What a hectic year 2015 was, but what’s new. The first part was taken up with working on BBC Two’s The Great Pottery Throwdown, whilst the whole of September I concentrated on workshops and demos from Edinburgh to Sussex, with a bit of Manchester and Stoke-on-Trent thrown in (excuse the pun!). So it was good to finally get back to the studio. There were pots to make for Waterperry Gallery in Oxfordshire and a couple of orders for Nando’s.

The international restaurant chain commissioned a small order for four large lampshades for a new restaurant in Burton-on-Trent and a rather larger order for its Manchester restaurant consisting of 25 large thrown shades and 25 wide dishes. They intended to mount the large shades, which were to be 600mm x 300mm in size, on the ceiling and the 600mm wide dishes on the walls.

Each and every one of the Nando’s commissions has an individual concept behind them, and most of the lights are complimentary to some larger theme. With this commission though it was to be slightly different with it being the main theme. Nando’s were keen that the pots would demonstrate rustic warmth and fuse with the origins and corporate identity of the restaurant chain, so to do this I created terracotta pots combined with the bright orange and yellow glazes with a rusting steel bar.

The time to make on most of these contracts are tight, more often than not as little as six weeks. The delivery date for this order was mid-December, which was cutting it fine, but as long as I got started straight away I would at least still have some decent weather for drying the pots outside.

As with most of these jobs it’s the logistics of the making process that are important, not making more pots than you can process comfortably, especially as the size of these pots means I can only fit three pots in my kiln at any one time.

How the pots are created
After preparing the clay I threw the first nine pots which only took about ten minutes each to do. With not having a great deal of storage space for drying I planned to allow nine to dry and be ready for firing and then I could make a further three and so on to prevent blocking up the studio. I then received an email informing me that the delivery date had been brought forward to mid-November, but two days later to my utter disbelief it was again changed to the 2nd of November. With only a month to make and process the entire order and with already being committed I had to just go for it. There was also the consideration of not letting Nando’s down as they are such a good customer, even though the problems were their making but most large company’s don’t understand the problems of the little man.

To achieve the size require I threw the pots in two stages using Valentines ES 20 (Smooth Textured). I like to throw to weight if possible, to me turning is enhancement and refinement, and not for the removal of weight. Each pot used 12.5 kg of clay with the main bowl part being thrown first, with it being over 600mm wide, as this forms the main part of the shade. They are then left for two days before being flipped over to allow for the clay stored at the base to be thrown. This ensure that it is still soft enough to be thrown enabling me to create the neck of the shade, so that what was once the base is now the top.The pot is then left to dry before brushing terracotta slip on the outside, with casting slip the deflocculation allows for a greater density of slip to be applied in one go,  preventing any slaking or cracking.
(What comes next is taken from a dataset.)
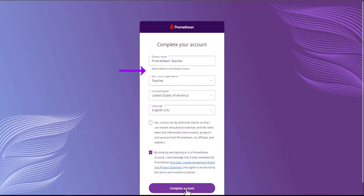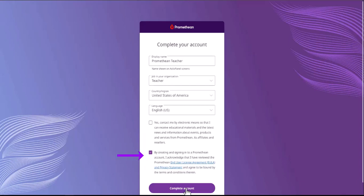Display name, job in your organization, country or region, and language. The first box asks if you would like to receive emails from Promethean regarding educational opportunities or events and is optional. The second box is an acknowledgment of the Promethean User Agreement and Privacy Statement and is required.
Three coats of glaze are then applied to the inside, giving the bright yellow and orange colour specified by the customer when fired.The bowls are also thrown using 10kgs of ES 20 (Smooth Textured). Once they have been thrown they are then left for a couple of days until they are leather hard.  When they are dry enough they are flipped over and left to continue to dry to a point when the foot ring can be turned into them. Again, once completely dry they are then slipped and glazed the same as the shades.

Due to time implications once firing is the only option, so a long slow warm up is essential before firing to 1080°c. It also helps that the pots don’t have to be weatherproof as they are for indoor use only. During the firing process I lost one pot due to an element failure which meant it was a close shave. I only had enough spare pots to complete the order, meaning that the last pots came out of the kiln as I was packing the remaining pots in the van for deliver to Manchester!  I am sure this is very familiar to most potters.